Perfectly matched physically to their roles and to each other, Latvian
soprano Kristine Opolais and German tenor Jonas Kaufmann look and sound a
dream. Their voices ample and glamorous, they encapsulate the doomed young
lovers in their journey to despair in the wilderness of the final scene. It
is hard to imagine either of the roles better done.
Yet the
production itself disappoints. Kent and his designer Paul Brown emphasise a
seamier view of the story than Puccini, or the writer of the novel on which
his opera is based, would have recognised.
The period is the 1980s.
Manon is no longer moving between true love and the life of a courtesan, but
a sex worker pure and simple; the victimised women of the sex trafficking
trade are her colleagues in a setting that is never anything other than
sleazy.
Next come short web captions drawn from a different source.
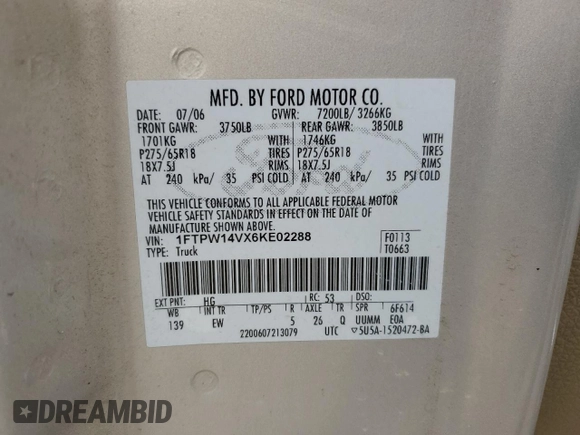 2006 Ford F-150 XLT with VIN 1FTPW14VX6KE02288, listed as a Copart auction lot 51786275 with Not provided miles and Salvage title. Bid and sale history available at DreamBid. Image 14.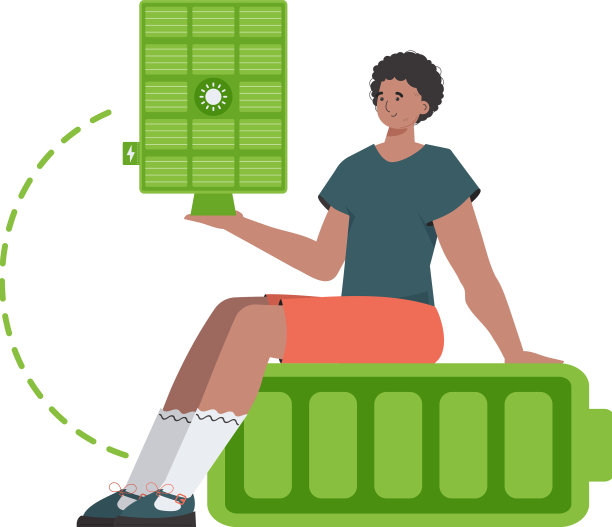 一个人坐在电池上，拿着一块太阳能电池板图片下载
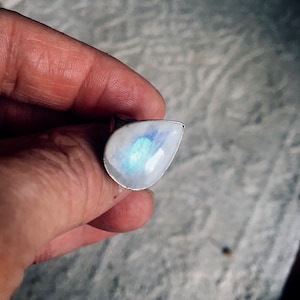 HOLD: Teardrop Rainbow Moonstone Ring - Rainbow Moonstone Ring - Moonstone Ring - Teardrop Blue Moonstone Ring Size 7.25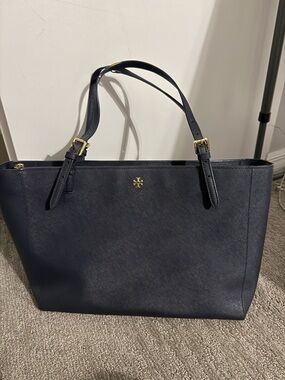Tory Burch Saffiano Leather Tote in Navy with Gold Hardware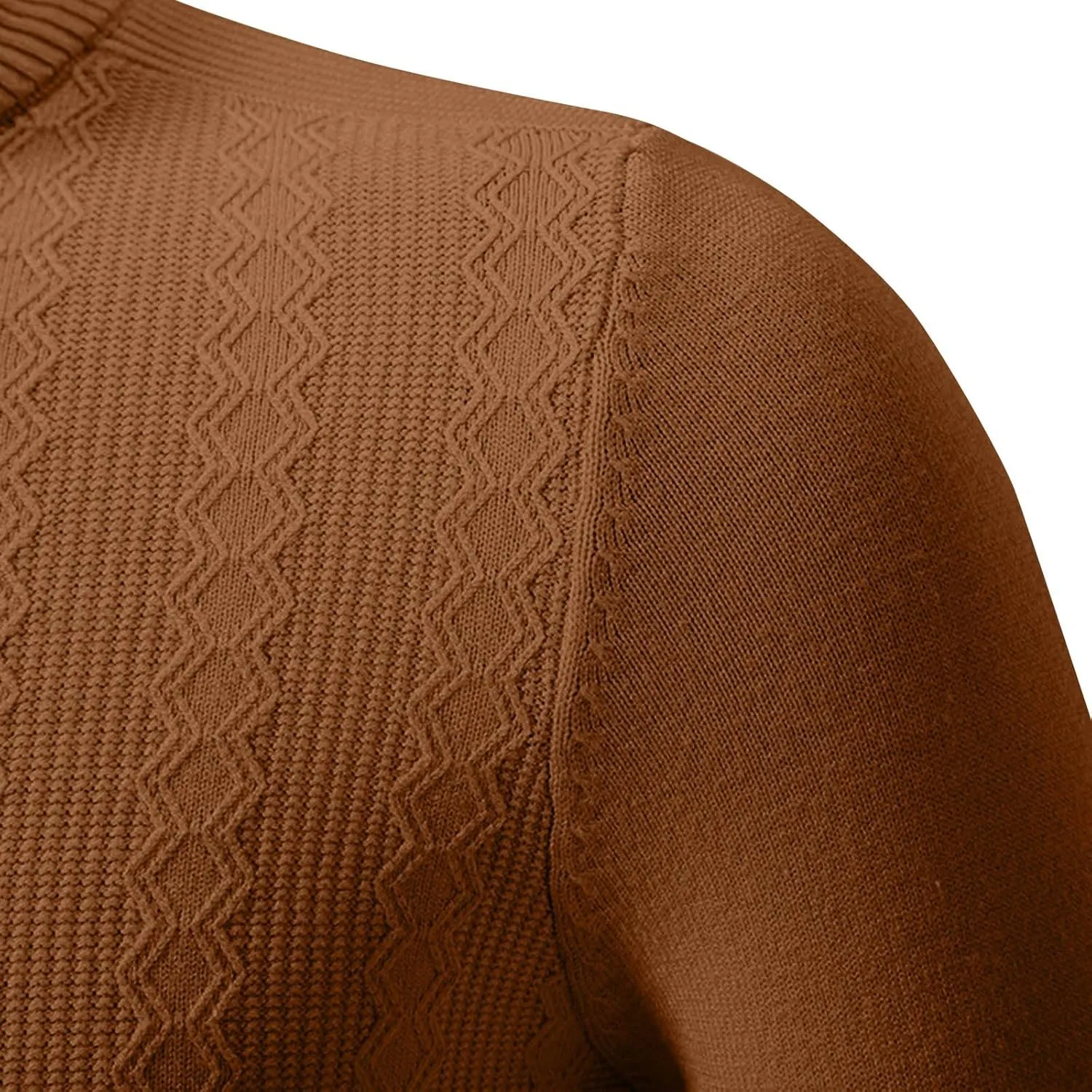 Muscularfit Zip Up Turtleneck Sweaters for Men 2024 Ribbed Knit Long Sleeve High Neck Knitted Pullover Sweaters Fall Knitwear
The whole meaning of Manon’s story is coarsened and deprived of
nuance or subtlety. While some of Kent’s best work - his Fairy Queen or Turn
of the Screw for Glyndebourne, for instance - suggested a reliable pair of
hands, this staging suggests that he has lost the plot.
Yet the
stagecraft is immaculate and the acting excellent - if only it were clear
where the action is set and where it is going from scene to scene. The final
two acts are particularly mystifying. There is some applause when the
production team comes on stage at the end. There is also a good deal of
booing.
A mixed evening, then, with musical values once again rising
above an iffy staging. Sir Antonio Pappano conducts a splendid account of
Puccini’s score, with Christopher Maltman and Maurizio Muraro expert in the
secondary roles of Lescaut and Geronte de Revoir respectively.